Find the tight area On the bearing. There should be rub marks. There is a bearing scraper to use to scrape material off the cam bearings and make the cam fit and spin normally. The block should be fine after that.
 
So scrape the tight side of the bearing surface the cam is riding on? I assume the Durabond Coated bearings are not prefered when scraping either.
 
Not uncommon to scrape the bearings quite a bit for the cam to fit.
 
When you drop the block off at the machine shop, you should give them THE cam or A cam to check
the bores for being straight. If the machinist finds out like you did, that the bores are a little wacky,
he will do the "Shaving" to put clearance into the tight bearing. Check your cam for runout on a pair
of V-Blocks first!!!! It may be a bent cam causing your problem.
 
So scrape the tight side of the bearing surface the cam is riding on? I assume the Durabond Coated bearings are not prefered when scraping either.

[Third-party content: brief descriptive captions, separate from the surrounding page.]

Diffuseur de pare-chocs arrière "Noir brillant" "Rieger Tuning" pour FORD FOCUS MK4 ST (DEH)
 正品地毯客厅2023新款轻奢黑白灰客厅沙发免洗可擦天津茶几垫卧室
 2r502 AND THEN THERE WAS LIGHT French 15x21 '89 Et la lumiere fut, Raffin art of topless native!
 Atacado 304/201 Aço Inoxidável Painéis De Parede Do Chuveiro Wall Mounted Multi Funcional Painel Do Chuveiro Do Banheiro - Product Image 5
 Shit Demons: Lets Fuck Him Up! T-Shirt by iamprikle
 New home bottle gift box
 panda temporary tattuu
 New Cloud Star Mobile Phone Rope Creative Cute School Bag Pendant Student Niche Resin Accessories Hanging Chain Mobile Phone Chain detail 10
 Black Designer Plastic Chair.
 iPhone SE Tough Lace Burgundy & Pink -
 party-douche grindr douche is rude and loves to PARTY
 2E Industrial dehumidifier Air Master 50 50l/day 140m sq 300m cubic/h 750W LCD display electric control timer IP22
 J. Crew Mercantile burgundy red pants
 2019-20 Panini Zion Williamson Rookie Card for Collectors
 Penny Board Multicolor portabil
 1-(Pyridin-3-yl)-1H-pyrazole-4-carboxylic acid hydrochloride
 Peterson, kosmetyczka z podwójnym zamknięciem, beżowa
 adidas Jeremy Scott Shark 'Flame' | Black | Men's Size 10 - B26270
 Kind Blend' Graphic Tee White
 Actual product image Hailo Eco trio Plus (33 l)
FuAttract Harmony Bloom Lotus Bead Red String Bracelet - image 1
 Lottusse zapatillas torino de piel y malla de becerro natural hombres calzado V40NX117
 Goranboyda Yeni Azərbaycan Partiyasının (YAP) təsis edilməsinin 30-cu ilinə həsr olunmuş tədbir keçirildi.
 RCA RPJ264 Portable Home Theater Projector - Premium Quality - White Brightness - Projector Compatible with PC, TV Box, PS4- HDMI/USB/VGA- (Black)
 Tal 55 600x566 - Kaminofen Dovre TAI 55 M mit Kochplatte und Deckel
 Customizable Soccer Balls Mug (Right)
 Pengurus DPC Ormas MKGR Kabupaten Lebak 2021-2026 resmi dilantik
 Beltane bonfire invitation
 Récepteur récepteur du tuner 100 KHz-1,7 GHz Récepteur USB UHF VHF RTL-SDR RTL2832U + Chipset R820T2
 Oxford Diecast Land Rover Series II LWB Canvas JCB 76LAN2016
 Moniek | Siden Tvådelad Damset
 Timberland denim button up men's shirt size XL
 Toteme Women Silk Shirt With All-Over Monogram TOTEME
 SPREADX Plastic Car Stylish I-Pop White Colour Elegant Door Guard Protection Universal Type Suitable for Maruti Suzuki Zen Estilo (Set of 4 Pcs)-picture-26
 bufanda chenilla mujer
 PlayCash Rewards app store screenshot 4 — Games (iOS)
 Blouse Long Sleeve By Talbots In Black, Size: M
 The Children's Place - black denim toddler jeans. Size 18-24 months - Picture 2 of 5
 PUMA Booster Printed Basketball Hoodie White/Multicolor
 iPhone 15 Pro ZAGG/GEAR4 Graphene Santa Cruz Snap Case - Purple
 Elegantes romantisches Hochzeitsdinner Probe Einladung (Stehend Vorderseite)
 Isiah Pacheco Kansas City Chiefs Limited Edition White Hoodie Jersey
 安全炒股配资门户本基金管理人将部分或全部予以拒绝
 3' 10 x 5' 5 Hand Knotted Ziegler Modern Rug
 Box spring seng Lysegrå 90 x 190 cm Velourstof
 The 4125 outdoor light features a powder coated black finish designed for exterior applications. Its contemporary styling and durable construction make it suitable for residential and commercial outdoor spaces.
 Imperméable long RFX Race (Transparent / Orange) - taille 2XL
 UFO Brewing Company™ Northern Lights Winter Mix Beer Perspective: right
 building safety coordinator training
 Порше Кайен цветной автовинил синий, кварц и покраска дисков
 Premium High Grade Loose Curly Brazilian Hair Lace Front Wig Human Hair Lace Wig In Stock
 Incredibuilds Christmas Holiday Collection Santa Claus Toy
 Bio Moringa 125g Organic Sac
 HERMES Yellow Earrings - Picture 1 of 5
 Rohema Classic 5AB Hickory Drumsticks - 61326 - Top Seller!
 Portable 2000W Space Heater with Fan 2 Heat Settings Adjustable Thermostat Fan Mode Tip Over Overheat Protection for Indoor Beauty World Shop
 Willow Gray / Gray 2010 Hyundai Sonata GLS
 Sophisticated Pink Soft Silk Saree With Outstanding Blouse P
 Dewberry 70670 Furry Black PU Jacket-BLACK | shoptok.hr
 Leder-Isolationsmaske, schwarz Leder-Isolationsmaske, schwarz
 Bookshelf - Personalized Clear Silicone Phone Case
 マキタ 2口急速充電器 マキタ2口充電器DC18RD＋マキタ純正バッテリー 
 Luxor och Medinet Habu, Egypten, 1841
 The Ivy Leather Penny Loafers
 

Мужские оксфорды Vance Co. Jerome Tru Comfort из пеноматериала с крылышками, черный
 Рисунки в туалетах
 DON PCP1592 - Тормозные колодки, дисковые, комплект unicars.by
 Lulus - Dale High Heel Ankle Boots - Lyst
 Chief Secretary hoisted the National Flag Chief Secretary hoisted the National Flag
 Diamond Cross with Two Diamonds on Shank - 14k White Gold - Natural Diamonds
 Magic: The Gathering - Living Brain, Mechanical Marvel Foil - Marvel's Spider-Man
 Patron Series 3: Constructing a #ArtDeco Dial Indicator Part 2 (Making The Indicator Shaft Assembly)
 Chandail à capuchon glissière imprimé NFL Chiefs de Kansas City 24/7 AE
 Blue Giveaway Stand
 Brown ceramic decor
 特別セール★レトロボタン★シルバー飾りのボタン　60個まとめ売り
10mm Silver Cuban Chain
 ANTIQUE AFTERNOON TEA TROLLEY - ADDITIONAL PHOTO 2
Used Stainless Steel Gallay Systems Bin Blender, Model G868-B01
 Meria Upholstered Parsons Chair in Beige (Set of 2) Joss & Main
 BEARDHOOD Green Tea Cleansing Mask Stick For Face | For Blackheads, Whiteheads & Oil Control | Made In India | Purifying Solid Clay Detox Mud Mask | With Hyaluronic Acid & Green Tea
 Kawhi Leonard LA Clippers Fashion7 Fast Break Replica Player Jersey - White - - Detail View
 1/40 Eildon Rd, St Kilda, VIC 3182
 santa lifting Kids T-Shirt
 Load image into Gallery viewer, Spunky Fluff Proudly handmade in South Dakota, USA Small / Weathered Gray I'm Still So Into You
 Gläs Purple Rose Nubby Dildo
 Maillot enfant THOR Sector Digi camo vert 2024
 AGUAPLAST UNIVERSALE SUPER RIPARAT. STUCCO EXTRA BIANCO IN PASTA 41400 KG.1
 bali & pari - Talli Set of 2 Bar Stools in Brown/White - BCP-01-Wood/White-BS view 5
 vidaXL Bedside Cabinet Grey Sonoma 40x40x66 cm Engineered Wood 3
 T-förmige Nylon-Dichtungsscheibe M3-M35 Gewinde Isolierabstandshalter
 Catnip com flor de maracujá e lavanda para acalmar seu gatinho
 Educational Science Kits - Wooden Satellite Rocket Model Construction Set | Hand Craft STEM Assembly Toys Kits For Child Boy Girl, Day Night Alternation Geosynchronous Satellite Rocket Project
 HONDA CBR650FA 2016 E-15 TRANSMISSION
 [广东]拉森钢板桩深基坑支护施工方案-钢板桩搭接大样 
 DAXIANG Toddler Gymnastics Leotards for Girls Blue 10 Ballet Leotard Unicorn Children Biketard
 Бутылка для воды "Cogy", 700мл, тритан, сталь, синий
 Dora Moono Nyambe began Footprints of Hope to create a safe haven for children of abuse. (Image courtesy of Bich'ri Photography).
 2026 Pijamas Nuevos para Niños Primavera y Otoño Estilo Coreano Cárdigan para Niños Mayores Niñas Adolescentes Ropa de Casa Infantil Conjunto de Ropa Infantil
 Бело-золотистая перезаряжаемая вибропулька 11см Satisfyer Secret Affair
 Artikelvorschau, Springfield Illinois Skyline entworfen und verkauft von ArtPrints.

Just google scraping cam bearings.
 
When you drop the block off at the machine shop, you should give them THE cam or A cam to check
the bores for being straight. If the machinist finds out like you did, that the bores are a little wacky,
he will do the "Shaving" to put clearance into the tight bearing. Check your cam for runout on a pair
of V-Blocks first!!!! It may be a bent cam causing your problem.
He does have the cam to be used as well as the cam I removed and turned into a "cutter". He said the cam is definitely not the problem.
 
I have ran into a couple cams that I had to machine the the bearing journals of the cam. Comparing then to a oem cam they were 5 thousands oversized. I used a lathe and turned them to spec. Quality control is not so hot these days.
Usually a burr on the oil hole is the culprit for tight bearings.
 
It may be a bent cam causing your problem.
Not a bad idea to ask the machinist to check it again with his cam blank.... Those guys usually have one at the shop for just such cases where the customer hasnt provided them with one. You may get a clue whether your new cam is a part of the problem or not.
 
I have had the exact same problem with DuraBond brgs in two different brand engines in the last two years.
I no longer use them, now using Fed Mogul.
 
One engine was a 440, built 2 yrs ago. I believe the part # is SH-876S
 
I talked to a guy here who owns an engine rebuilding shop. I recently had this job done on my own engine.
He said they measure all the journals - find the tight ones and grind down the cam journal.
They prefer not to replace cam bearings unless you supply the camshaft you want to use in the engine.